* [YOUR ASSIGNMENT]:
Each entry must come back word for word; drop the images as you go.
+++
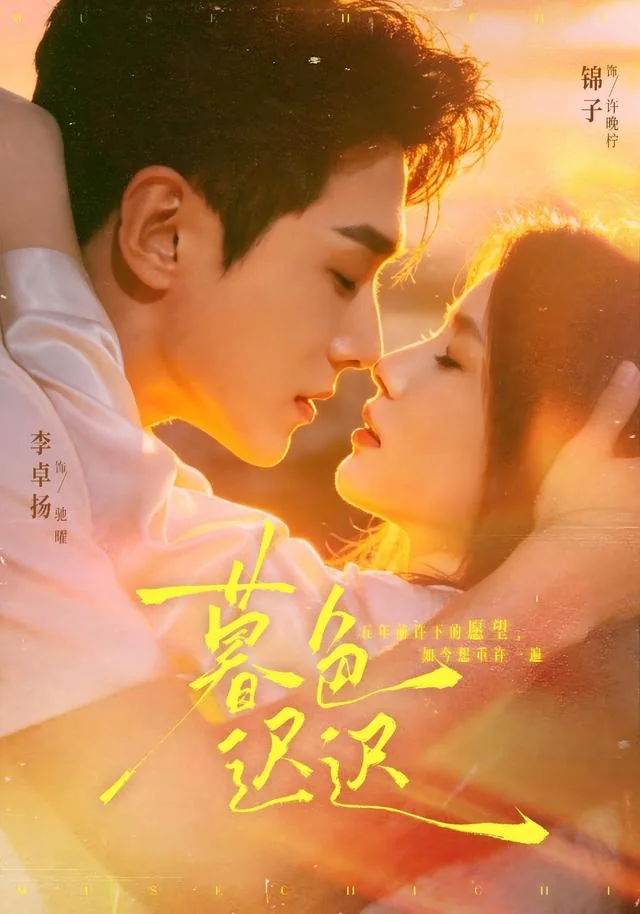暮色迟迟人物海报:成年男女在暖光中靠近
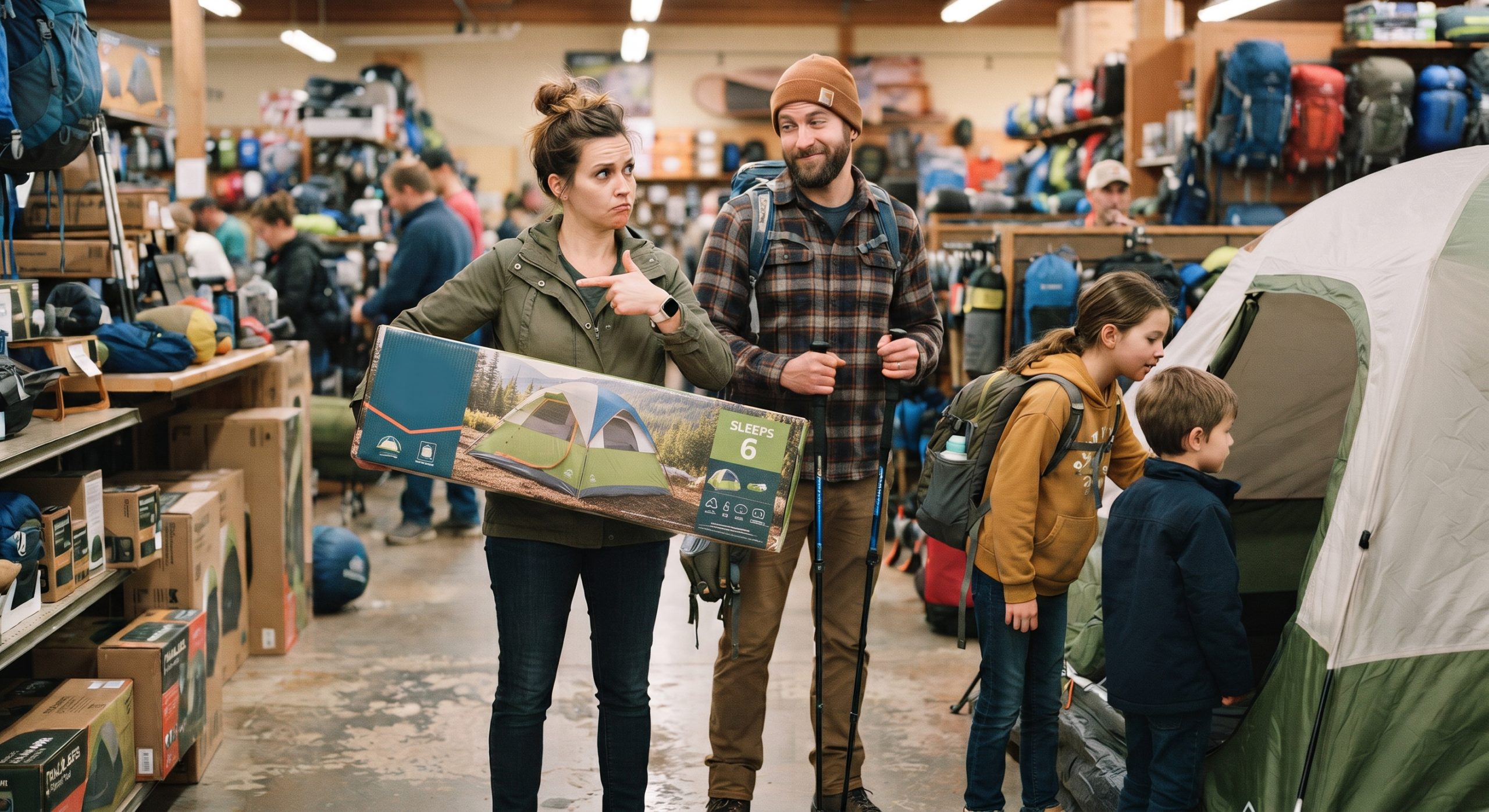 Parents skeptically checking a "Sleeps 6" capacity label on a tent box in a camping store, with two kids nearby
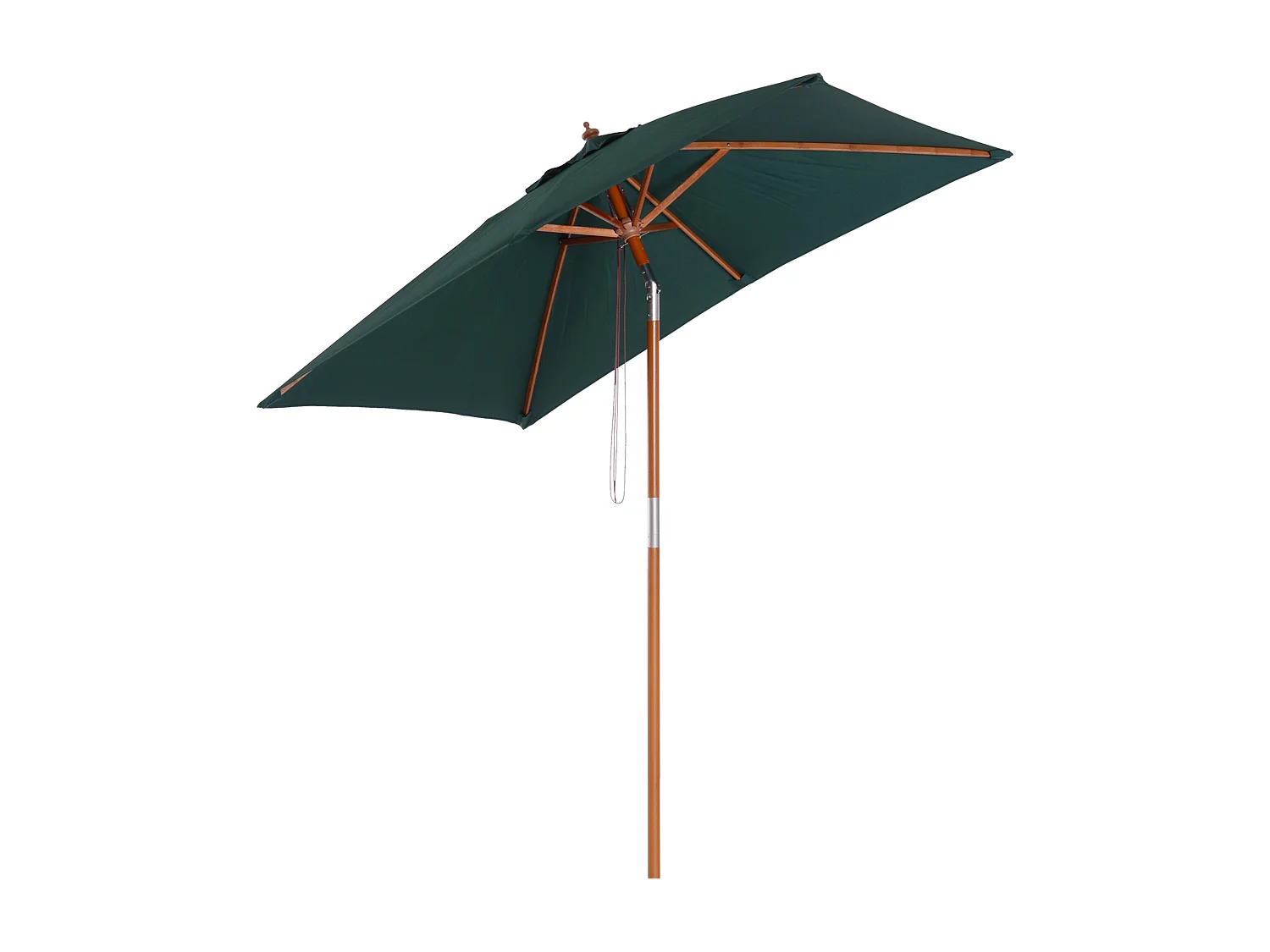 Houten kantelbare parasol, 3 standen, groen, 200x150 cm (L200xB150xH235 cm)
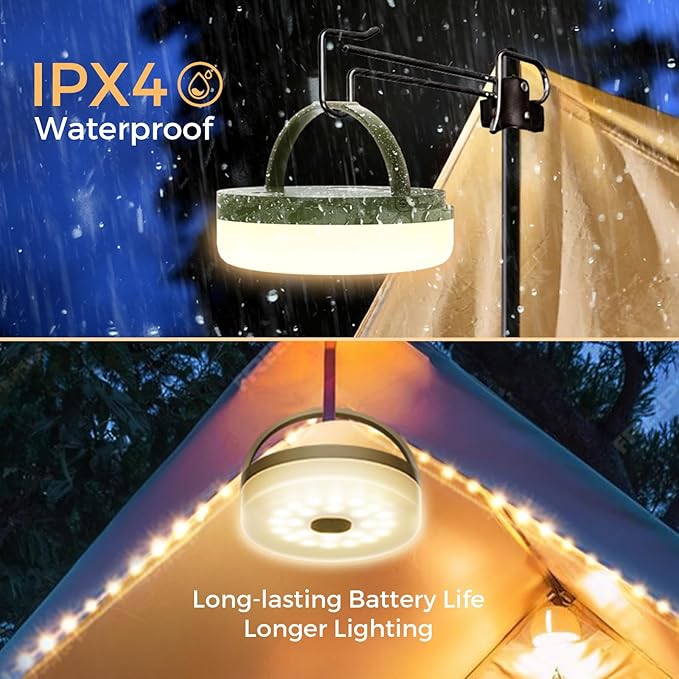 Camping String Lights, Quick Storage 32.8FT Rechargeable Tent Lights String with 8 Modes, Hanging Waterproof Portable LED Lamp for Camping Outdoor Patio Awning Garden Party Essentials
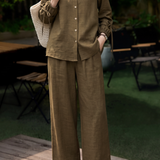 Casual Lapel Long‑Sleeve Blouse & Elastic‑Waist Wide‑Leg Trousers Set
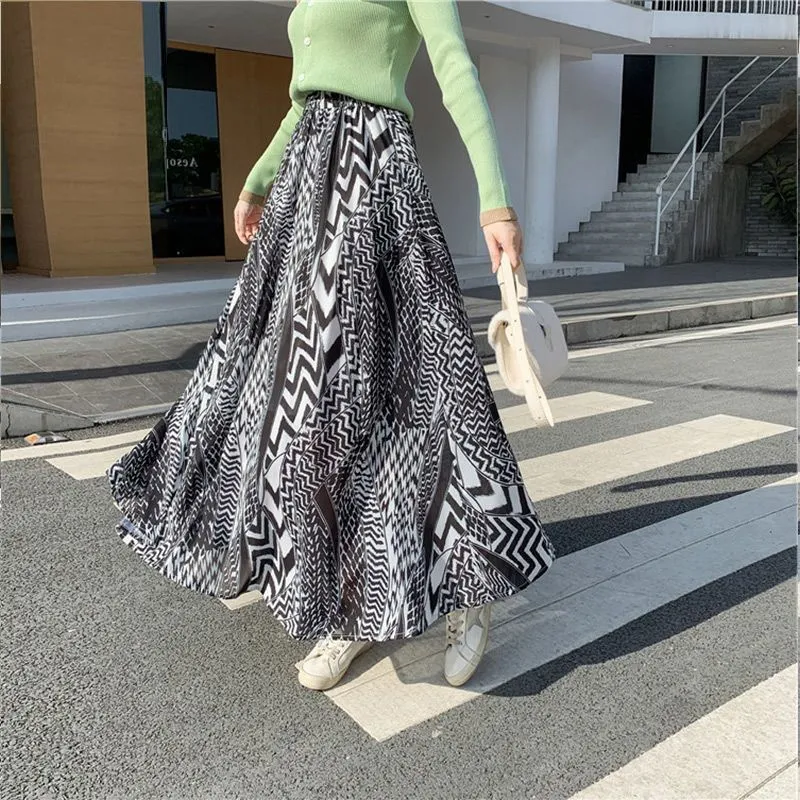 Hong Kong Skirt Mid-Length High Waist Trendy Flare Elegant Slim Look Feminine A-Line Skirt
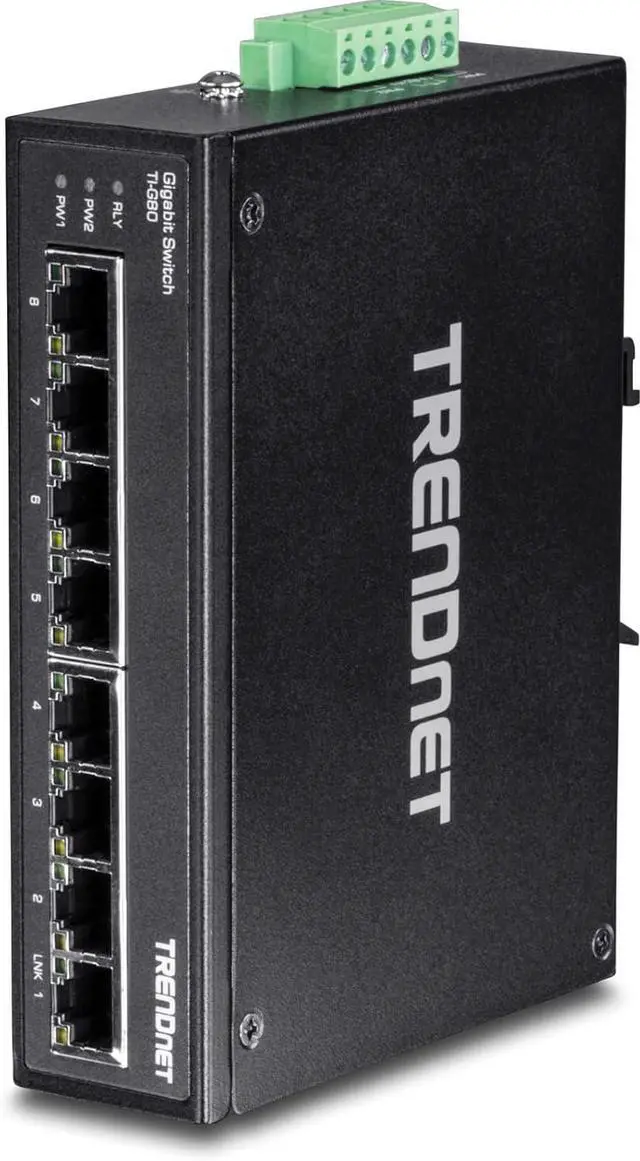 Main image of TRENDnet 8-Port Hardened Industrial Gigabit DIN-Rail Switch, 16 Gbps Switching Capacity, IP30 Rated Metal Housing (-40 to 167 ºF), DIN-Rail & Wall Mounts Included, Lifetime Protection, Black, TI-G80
+++
* [SOLUTION FOR THIS PROBLEM]:
暮色迟迟人物海报:成年男女在暖光中靠近
 Parents skeptically checking a "Sleeps 6" capacity label on a tent box in a camping store, with two kids nearby
 Houten kantelbare parasol, 3 standen, groen, 200x150 cm (L200xB150xH235 cm)
 Camping String Lights, Quick Storage 32.8FT Rechargeable Tent Lights String with 8 Modes, Hanging Waterproof Portable LED Lamp for Camping Outdoor Patio Awning Garden Party Essentials
 Casual Lapel Long‑Sleeve Blouse & Elastic‑Waist Wide‑Leg Trousers Set
 Hong Kong Skirt Mid-Length High Waist Trendy Flare Elegant Slim Look Feminine A-Line Skirt
 Main image of TRENDnet 8-Port Hardened Industrial Gigabit DIN-Rail Switch, 16 Gbps Switching Capacity, IP30 Rated Metal Housing (-40 to 167 ºF), DIN-Rail & Wall Mounts Included, Lifetime Protection, Black, TI-G80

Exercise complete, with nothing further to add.